Dr. Michels has a particular stake in the estrogen debate because she works with data from one of the biggest and,
most experts say, one of the best observational studies, the Nurses’ Health Study. It saw, correctly, that smoking led to heart disease and lung cancer. It also found that smokers who stopped reduced their risk. But it also found the vitamin E effect on heart disease and it found the benefits of hormone replacement therapy that are now under question.
The nurses’ study began at Harvard in 1976 with 121,000 nurses ages 30 to 55. The women regularly describe their medications, diets, smoking histories, medical problems, exercise habits and general health. In 1989, the study’s directors enrolled a second generation of 116,000 nurses, ages 25 to 42. Researchers said they could hardly imagine a better group to observe. The women’s responses were exemplary in accuracy and completeness. But there remained the thorny problem of correcting for factors other than the hormone therapy that might account for the results.
Dr. Rossouw explained some complications, saying: “One-third of the women who start taking estrogen are no longer on it at the end of one year, and half are no longer on it by the end of two years. The small group that takes it for many years is very unusual. They are very conscious of their health and of doing things to promote their health.
“It may not be the pill you are taking, but the fact that you are the kind of person who keeps taking pills.”
Although he said the nurses’ and other observational studies overestimated the benefits of estrogen, Dr. Rossouw said it was too soon to say what the randomized study would find. The plans for the initiative’s study called for more than 27,000 women from 50 to 79 to be followed for eight to 12 years, unless evidence emerged that hormone therapy was overwhelmingly beneficial or overwhelmingly harmful.

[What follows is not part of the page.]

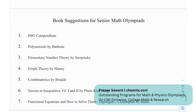We have some book sessions for senior math Olympiads: Compendium, Polynomials by Barbeau, Elementary Number Theory by Sierpinski, Graph Theory by Harary, Combinatorics by February D, Secrets in Inequalities, and Functional Equations and How to Solve Them by Christopher G. Small.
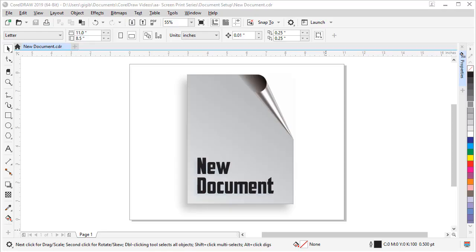In this video, I will review some of the key features of a CorelDRAW document and how they affect printing and building art. It's important to learn how to get your document set up properly from the beginning to help your design process flow smoothly.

With about three years to go, neither case has occurred, and the trial continues.
The women taking estrogen seem to have slightly more heart attacks and strokes. The study directors notified them of that finding, but the effects are too small to halt the trial, its monitoring board found.
Other recent randomized studies with women who already had heart disease found that estrogen increased the risk of subsequent heart attacks and strokes. Women who had early Alzheimer’s were not helped by taking estrogen.
A general rule in medicine, Dr. Rossouw said, has been that treatments that reduce the risk of disease in healthy people are even more effective in people who already have the disease.
At Harvard, statisticians, including Dr. Michels and Dr. Robins, are planning ways to look at the data from the nurses and find what went wrong. Did the analyses miss something? Was there a better way to make statistical adjustments?
“There must be an explanation,” Dr. Michels said. “There is only one truth.”